Posted: Sat Apr 29, 2006 7:04 pm
by 61SkiBee
I also posted this question on the Runabout Owners Group Forum, but anyone running a vintage inboard would perhaps have the answer:

I've been running my Ford V8 (292 ci "Y" block) inboard "Interceptor" marine conversion in my Trojan SkiBee runabout without a thermostat for years. I don't like to have the engine running so cold, but I'm concerned about any possible overheating damaging the water cooled exhaust manifolds. There appear to be two thermostat housings, one with a wire that goes to the temp gauge. I don't know if the sending unit is even working, but the gauge stays on "cold" all the time.

Anyone have experience with how the water circuits work on these marine conversions, and what thermostat or thermostats should be used?
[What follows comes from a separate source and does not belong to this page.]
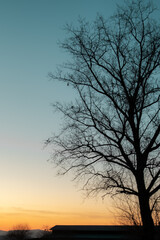 Obraz na płótnie Canvas sunset of tree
Do the exhaust manifolds get cold water regardless of how the thermostat is set up?

Posted: Thu May 18, 2006 6:07 am
by etpence
if it is raw water cooled the exhaust should have a secondary hose that by pass the thermostat and goes directly into the cooling side of them
most of the older engine were made to run with a 160-165 deg. thermostat, the sending unit may be working but the water circulating is moving thru unrestricted so your engine is not able to build up heat
if you are up north anywhere north of I-10 in this case the water is colder most the year anyway, the engine needs to build little heat up to run at its best
hope this helps
todd
31 trojan Mio Mio

Posted: Thu May 18, 2006 6:26 am
by 61SkiBee
Thanks for the info! I think there may be a built-in bypass for wather to the exhaust manifolds. There is only one "pickup" hose going to the lake water. It's a bit of a complicated system.

I agree, the engine up to real operating temperature using only lake water, and it may never even get warm enough to make the temp gauge budge. This is not optimal for engine efficiency or logevity. Never gets warm enough to purge contaminants from the oil.

I might just hunt around for one thermostat and put it in the housing that has the temp gauge wire on it.

Thanks, too, for the info on typical thermostat ratings. I wouldn't want to run anything too hot.